# Your objective
In your answer, print each of the records below exactly.

# Material to process
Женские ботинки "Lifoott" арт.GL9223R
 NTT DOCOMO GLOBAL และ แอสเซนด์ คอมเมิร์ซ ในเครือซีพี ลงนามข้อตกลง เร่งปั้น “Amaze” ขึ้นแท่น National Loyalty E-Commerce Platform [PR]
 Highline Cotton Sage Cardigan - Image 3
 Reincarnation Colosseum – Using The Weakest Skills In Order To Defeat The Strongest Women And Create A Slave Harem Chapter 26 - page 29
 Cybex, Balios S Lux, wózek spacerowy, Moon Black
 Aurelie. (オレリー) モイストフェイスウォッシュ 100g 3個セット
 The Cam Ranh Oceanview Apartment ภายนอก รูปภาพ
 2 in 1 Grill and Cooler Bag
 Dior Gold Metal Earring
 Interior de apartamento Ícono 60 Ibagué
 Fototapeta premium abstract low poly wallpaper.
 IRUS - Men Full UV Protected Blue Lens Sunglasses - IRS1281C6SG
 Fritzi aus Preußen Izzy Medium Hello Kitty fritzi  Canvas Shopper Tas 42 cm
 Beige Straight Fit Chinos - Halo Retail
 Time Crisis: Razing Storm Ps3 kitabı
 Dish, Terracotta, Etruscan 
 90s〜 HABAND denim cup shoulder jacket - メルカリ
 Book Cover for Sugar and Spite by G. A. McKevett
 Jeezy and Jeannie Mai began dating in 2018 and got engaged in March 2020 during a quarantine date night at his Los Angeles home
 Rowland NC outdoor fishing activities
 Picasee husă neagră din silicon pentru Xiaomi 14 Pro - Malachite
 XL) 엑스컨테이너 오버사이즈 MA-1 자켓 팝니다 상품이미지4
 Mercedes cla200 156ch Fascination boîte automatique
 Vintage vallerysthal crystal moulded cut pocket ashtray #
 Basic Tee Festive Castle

# Answer area
Женские ботинки "Lifoott" арт.GL9223R
 NTT DOCOMO GLOBAL และ แอสเซนด์ คอมเมิร์ซ ในเครือซีพี ลงนามข้อตกลง เร่งปั้น “Amaze” ขึ้นแท่น National Loyalty E-Commerce Platform [PR]
 Highline Cotton Sage Cardigan - Image 3
 Reincarnation Colosseum – Using The Weakest Skills In Order To Defeat The Strongest Women And Create A Slave Harem Chapter 26 - page 29
 Cybex, Balios S Lux, wózek spacerowy, Moon Black
 Aurelie. (オレリー) モイストフェイスウォッシュ 100g 3個セット
 The Cam Ranh Oceanview Apartment ภายนอก รูปภาพ
 2 in 1 Grill and Cooler Bag
 Dior Gold Metal Earring
 Interior de apartamento Ícono 60 Ibagué
 Fototapeta premium abstract low poly wallpaper.
 IRUS - Men Full UV Protected Blue Lens Sunglasses - IRS1281C6SG
 Fritzi aus Preußen Izzy Medium Hello Kitty fritzi  Canvas Shopper Tas 42 cm
 Beige Straight Fit Chinos - Halo Retail
 Time Crisis: Razing Storm Ps3 kitabı
 Dish, Terracotta, Etruscan 
 90s〜 HABAND denim cup shoulder jacket - メルカリ
 Book Cover for Sugar and Spite by G. A. McKevett
 Jeezy and Jeannie Mai began dating in 2018 and got engaged in March 2020 during a quarantine date night at his Los Angeles home
 Rowland NC outdoor fishing activities
 Picasee husă neagră din silicon pentru Xiaomi 14 Pro - Malachite
 XL) 엑스컨테이너 오버사이즈 MA-1 자켓 팝니다 상품이미지4
 Mercedes cla200 156ch Fascination boîte automatique
 Vintage vallerysthal crystal moulded cut pocket ashtray #
 Basic Tee Festive Castle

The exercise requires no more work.